>>
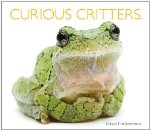 Curious Critters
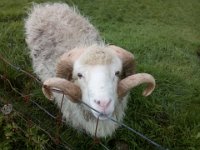 foto 20140902 1352 01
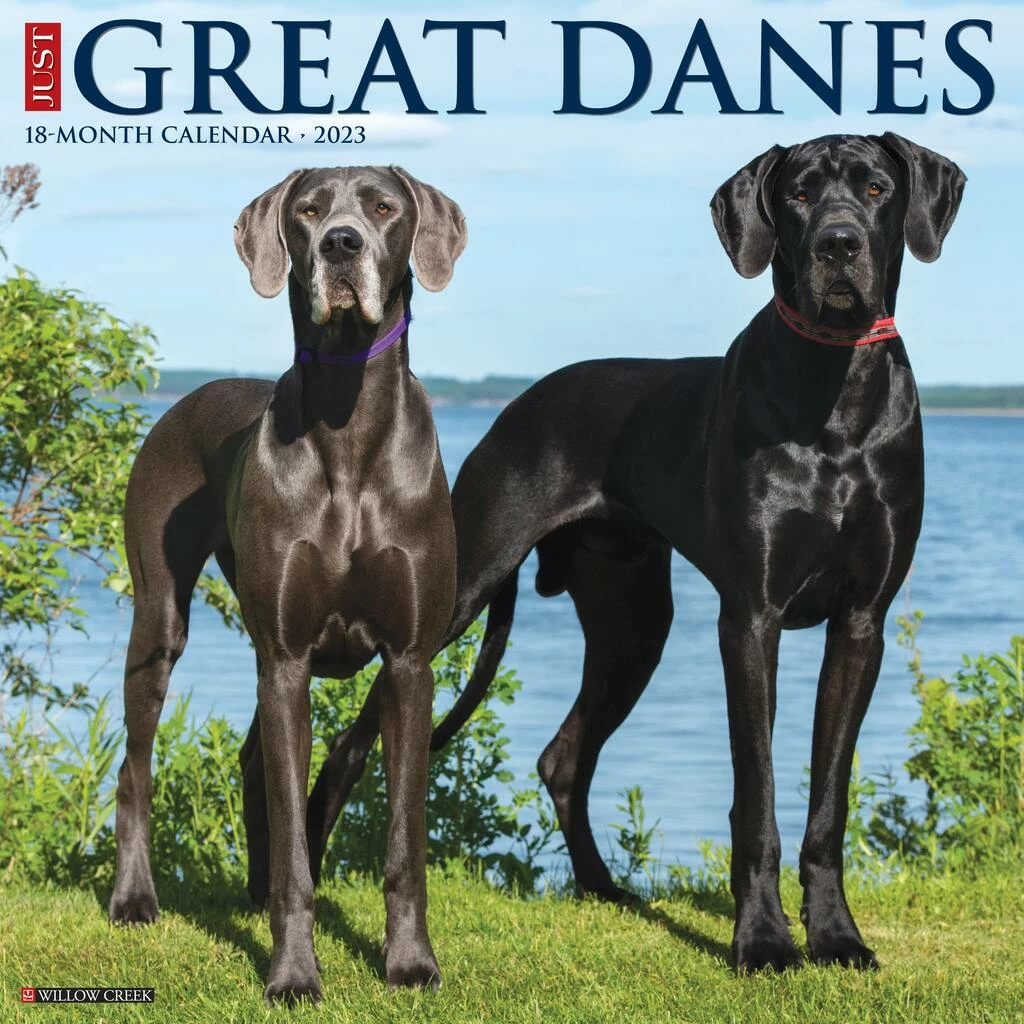 Top 10 🛒 2023 Just Great Danes Wall Calendar by Willow Creek Press 🥰 1 Top 10 🛒 2023 Just Great Danes Wall Calendar by Willow Creek Press 🥰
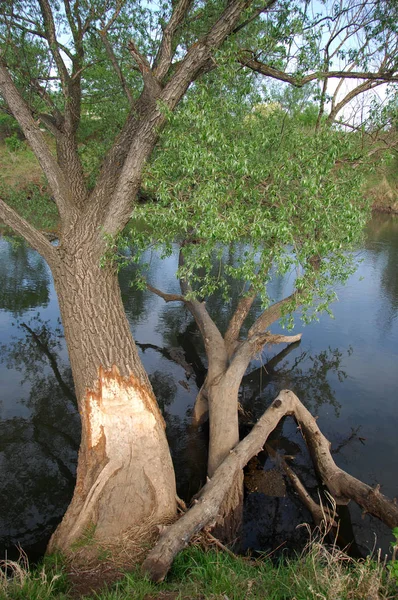 Spring River Árbol Crece Bajo Sol Primaveral — Foto de Stock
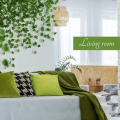 Green Artificial Wall Hanging Money Plant 7 Ft Long. 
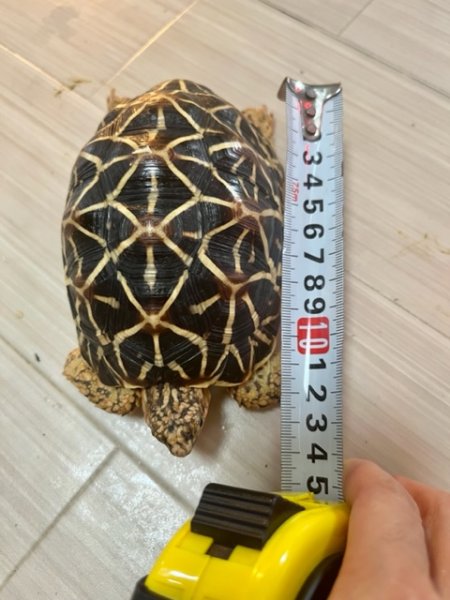 画像4: インドホシガメＤ個体（完売しました） (4)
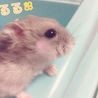 の写真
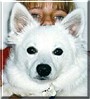 Snowball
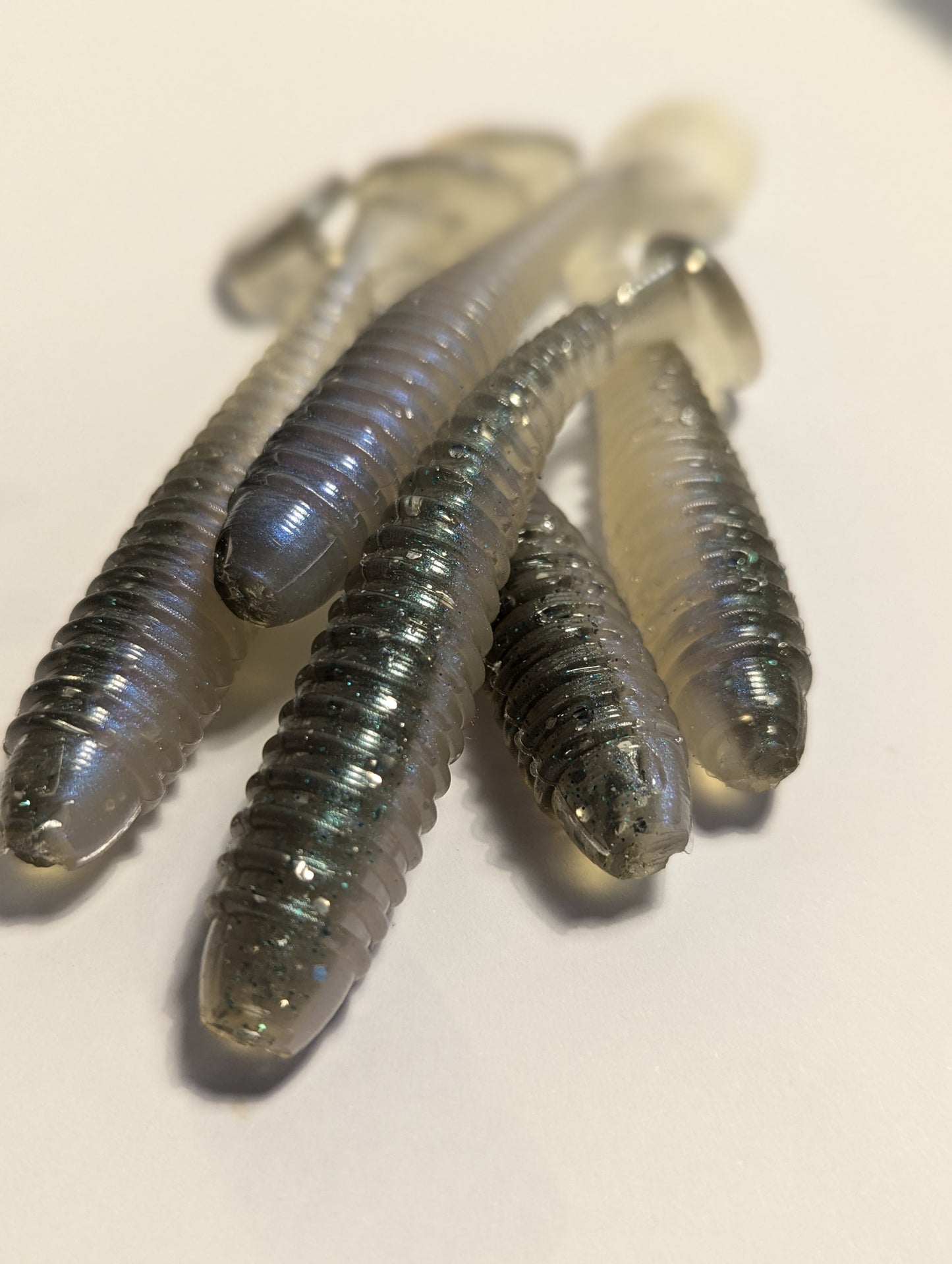 Creek Chub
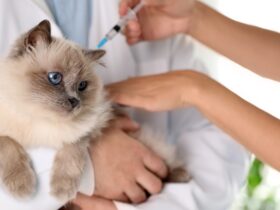 Pets Medicine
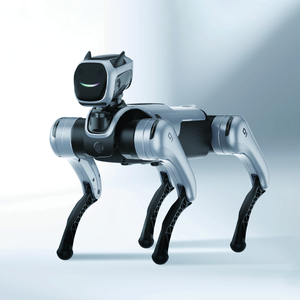 Mesin AI cerdas Dog Voice Dialogue lampu LED High-<span class=keywords><strong>tech</strong></span> APP Remote Control pemrograman - Product Image 4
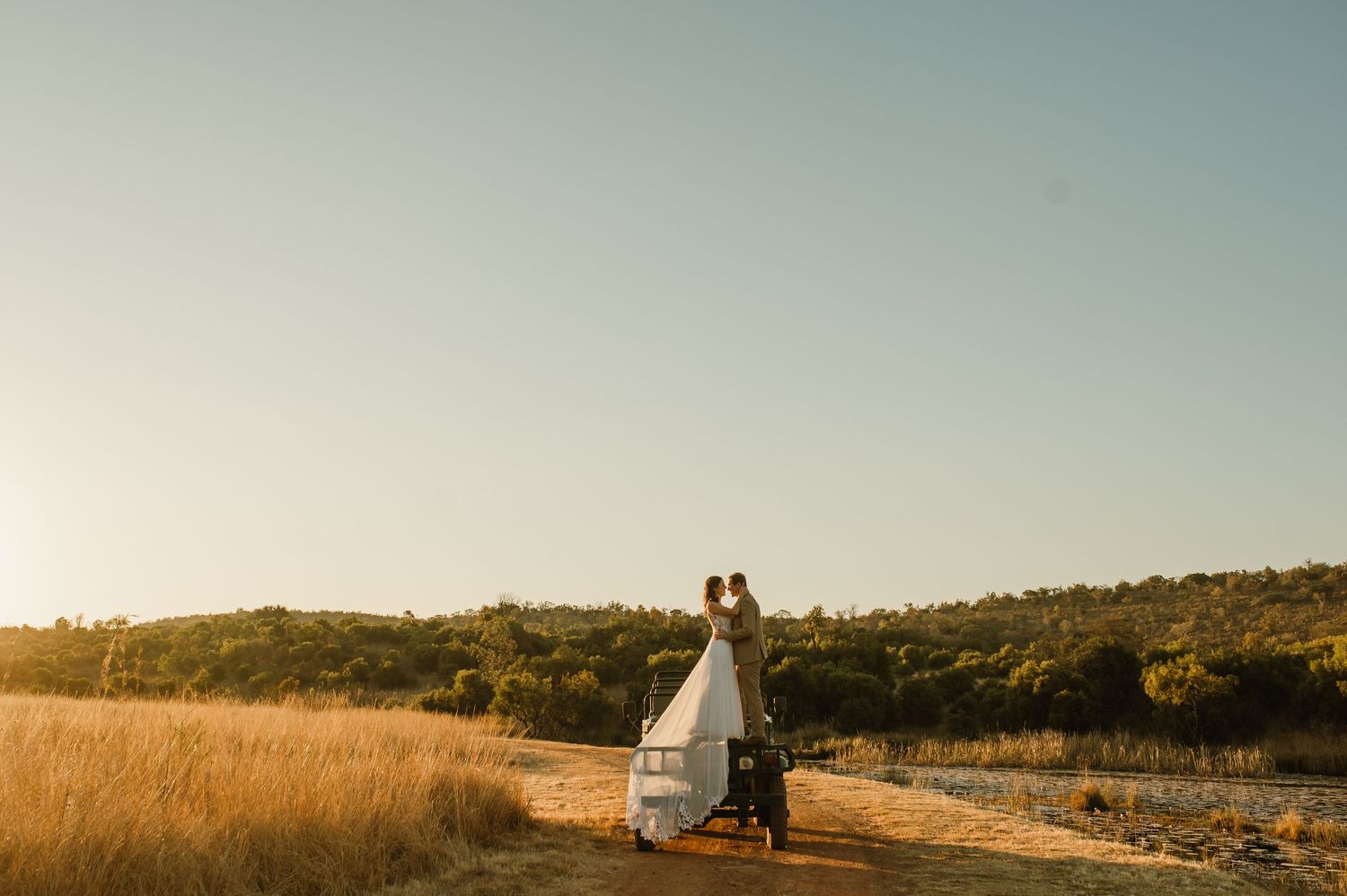 Scenic hilltop landscape at golden hour with tall grass and natural vegetation.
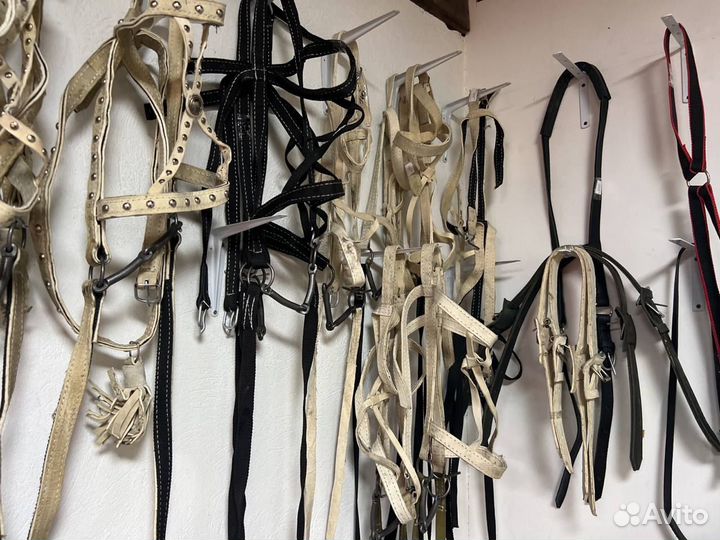 Узда для лошади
<<
* Assignment *
Starting at the line that contains "foto 20140902 1352 01", extract each line through the last line of the material exactly as written, and include no pictures.

* Finished exercise *
 foto 20140902 1352 01
 Top 10 🛒 2023 Just Great Danes Wall Calendar by Willow Creek Press 🥰 1 Top 10 🛒 2023 Just Great Danes Wall Calendar by Willow Creek Press 🥰
 Spring River Árbol Crece Bajo Sol Primaveral — Foto de Stock
 Green Artificial Wall Hanging Money Plant 7 Ft Long. 
 画像4: インドホシガメＤ個体（完売しました） (4)
 の写真
 Snowball
 Creek Chub
 Pets Medicine
 Mesin AI cerdas Dog Voice Dialogue lampu LED High-<span class=keywords><strong>tech</strong></span> APP Remote Control pemrograman - Product Image 4
 Scenic hilltop landscape at golden hour with tall grass and natural vegetation.
 Узда для лошади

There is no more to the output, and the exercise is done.